We already gave you a recap to the game, but when the Lakers win on opening night as home underdogs against a team with James Harden and a ton of offensive firepower by holding them to 18 4th quarter points — including only 4 points in the final 3 minutes — there is more to say on what happened in the contest.
The NBA never ceases to surprise and, even if you are the staunchest Lakers supporter, I would imagine many thought any close game would simply turn into Harden, as the best player on either team, taking control of the action late to win the game.
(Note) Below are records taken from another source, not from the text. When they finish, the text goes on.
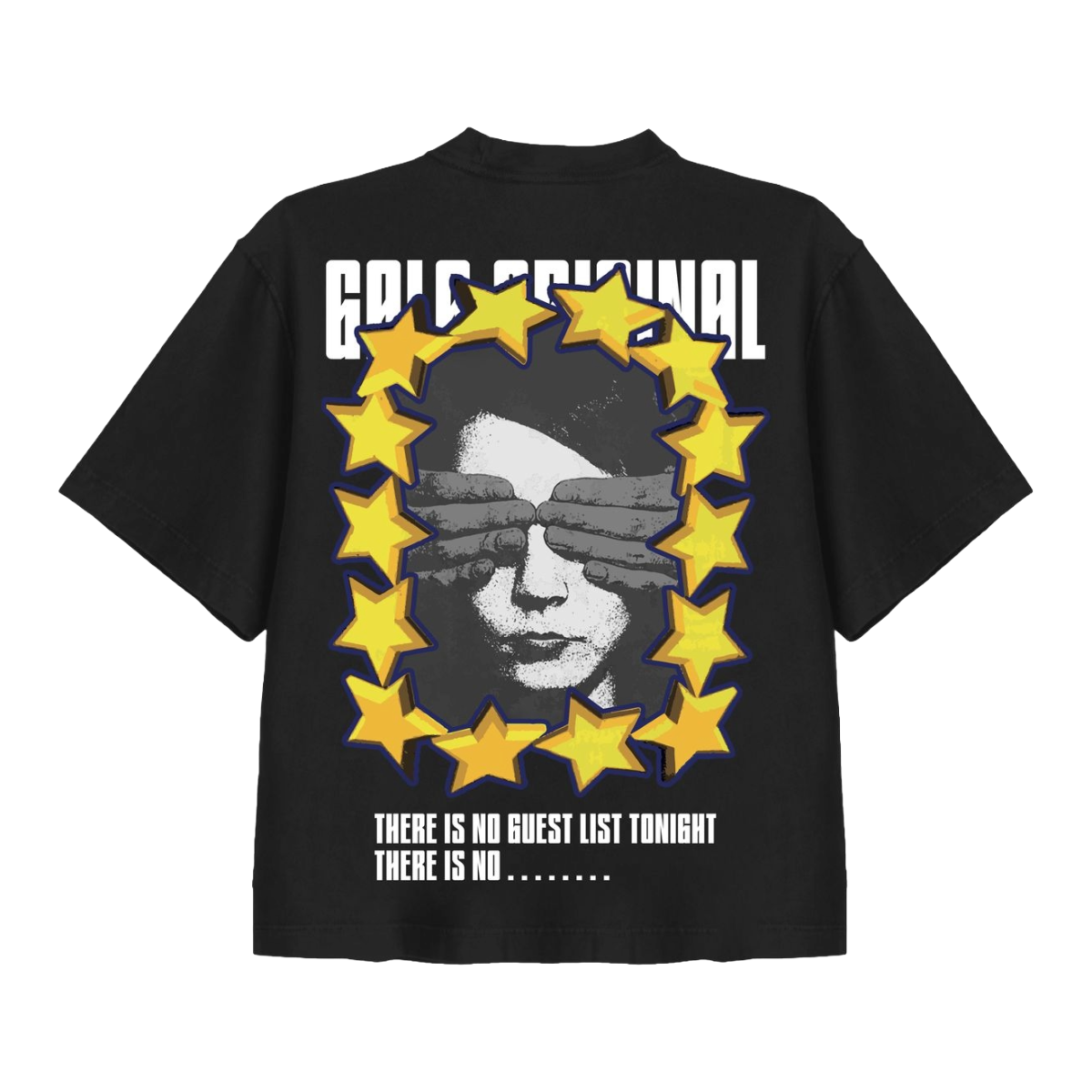 GALA NO GUEST LIST TEE - BLACK
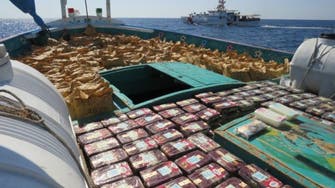 توقیف محموله 33 میلیون دلاری مواد مخدر در خلیج عمان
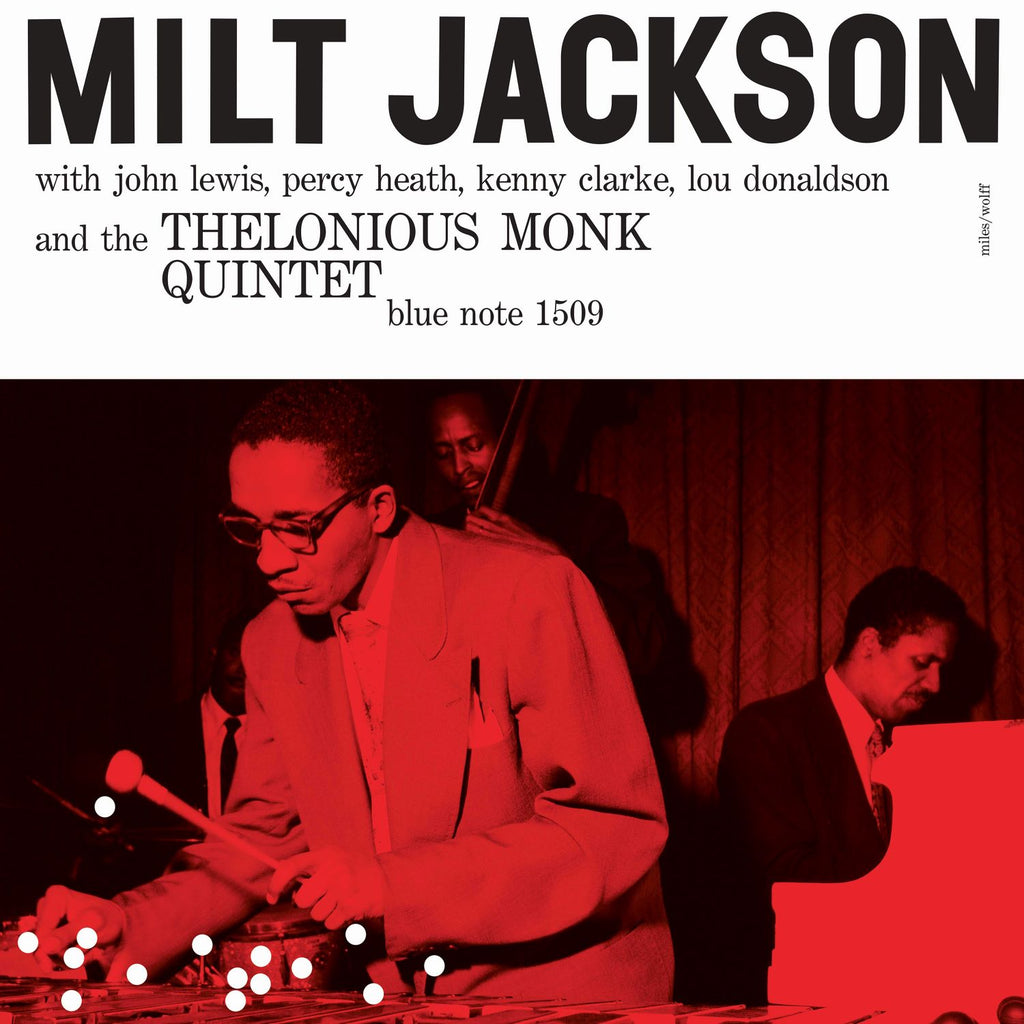Milt Jackson With John Lewis (LP) - Milt Jackson, John Lewis, Percy Heath, Kenny Clarke, Lou Donaldson, Thelonious Monk Quintet - platenzaak.nl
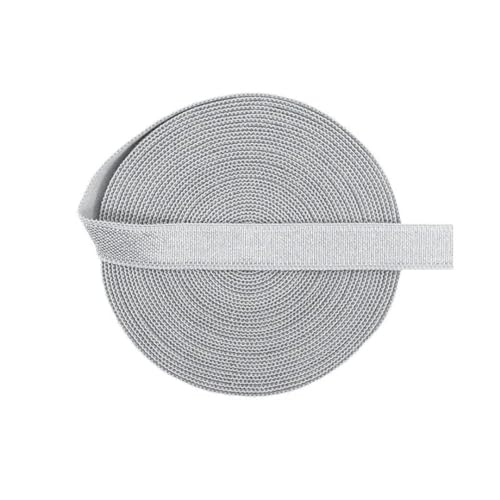 MRVAKDYDI Breites flaches Gummiband, 2/5/10 Yards 3/8" 10 mm festes elastisches Spandex-Satinband, BH-Träger, Stirnband, Kleid, Nähen, Spitzenbesatz(Light Silver,2 Yards) von MRVAKDYDI
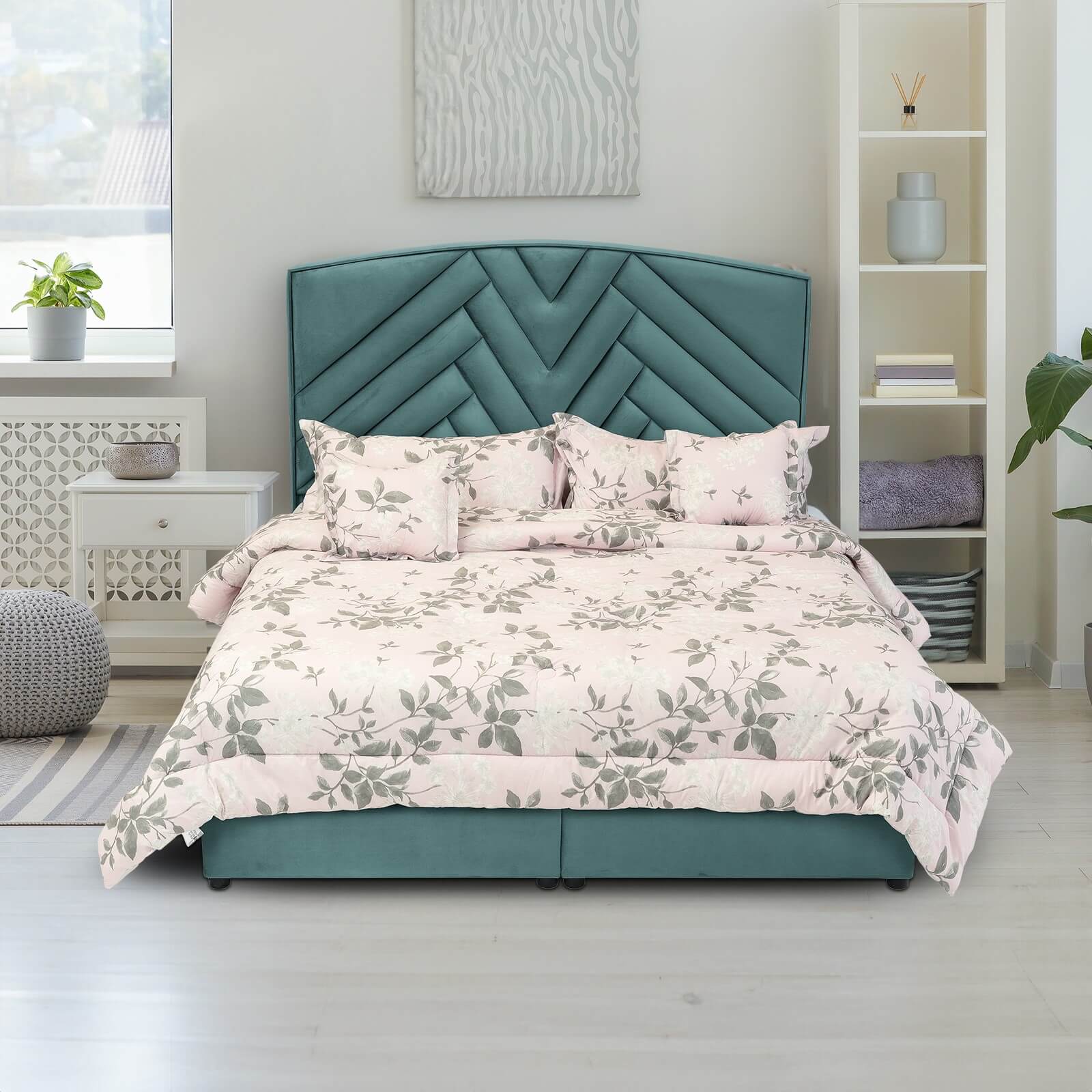 In House | Berlin Bed Frame Velvet Turquoise 200x180
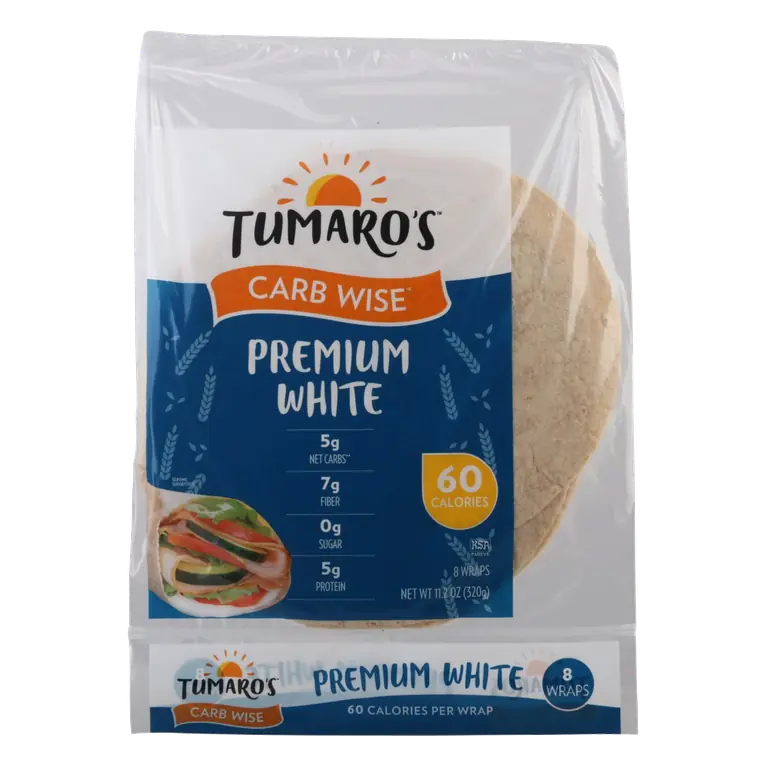 Premium White Wraps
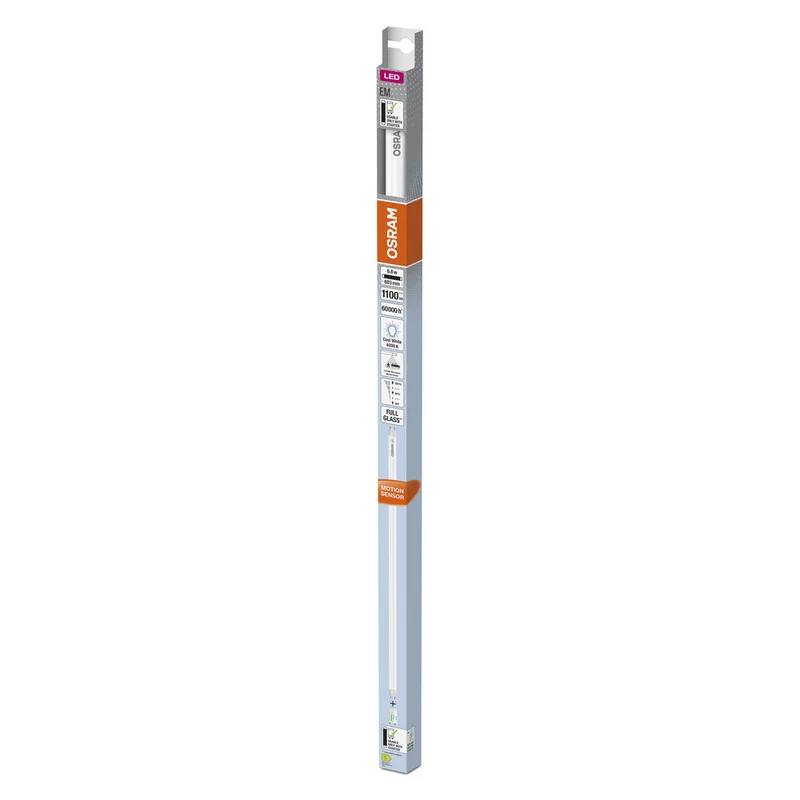 OSRAM LED Tube TUBE T8 EM CAPTEUR DE MOUVEMENT 60cm 6.8W 840, 1100 lm, 4000 K, Blanc froid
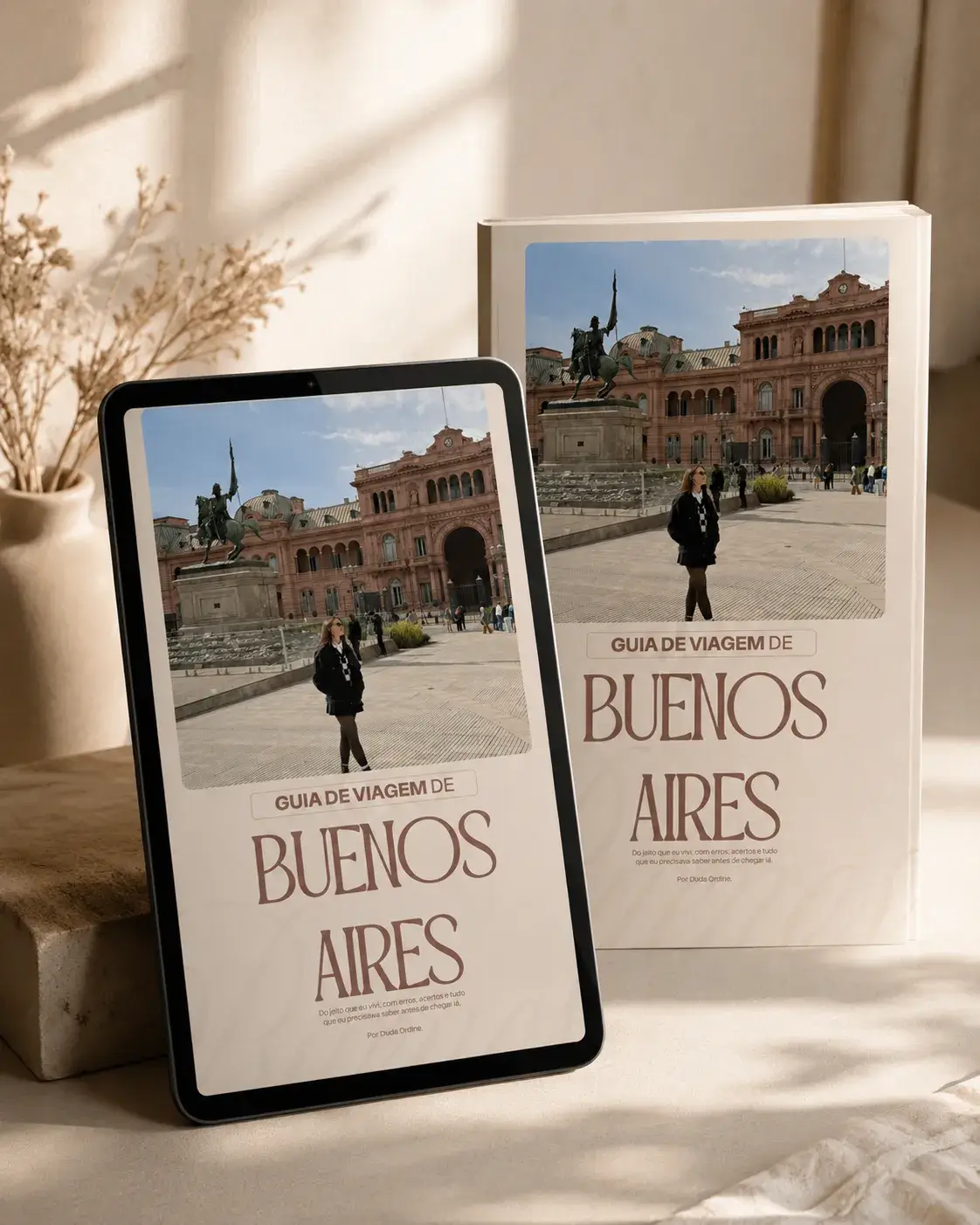 Mockup do Guia Completo de Buenos Aires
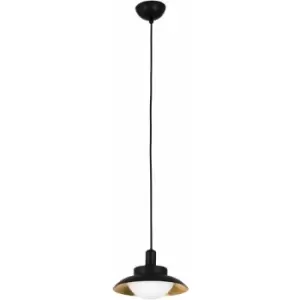 image of Faro Lighting - Faro Side - LED Black Copper Pendant Lamp G9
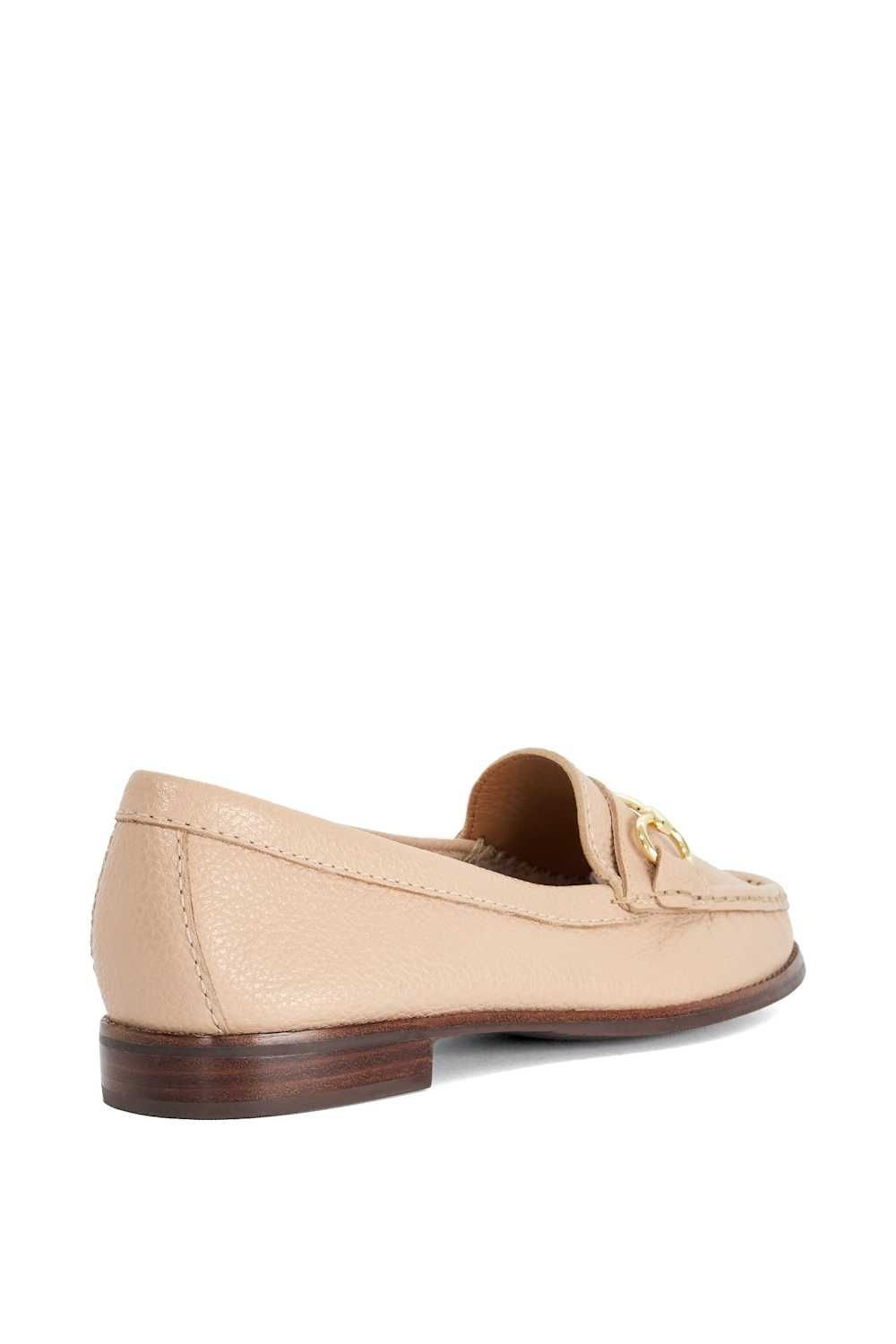 Dune London Dune London Women's Wide Fit 'Glenny' Leather Loafers in Pink - 3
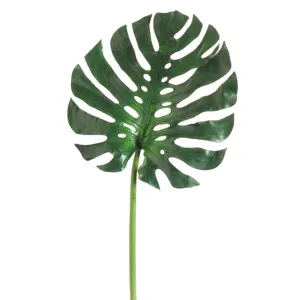 28.12" Medium Monstera Leaf Spray - Green	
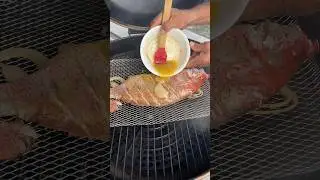 Grilled Red Snapper on the @recteq  Bullseye 🎯 🔥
Instead, the Lakers got stingy defensively and found enough offense to tighten the screws on Houston and win the game.
With that, I have more to say and I hope you want more to read so here are 10 thoughts from last night’s Lakers win over the Rockets:
1. While the Lakers had a Defensive Efficiency of 110.8, I liked the way they competed on that end most of the night. Houston’s offense with James Harden surrounded by three shooters and a big man who dives hard to the rim is going to be a nightmare for every team in the league to stop. They simply space the floor too well and have the ability to punish defenses even when all the rotations are right and on time. But the Lakers tried their best to stick to the game plan and played hard throughout the night. I wish they would have done a bit better job of running Houston’s shooters off the arc early in the game, but that improved in the 2nd half and was actually good in the 4th quarter.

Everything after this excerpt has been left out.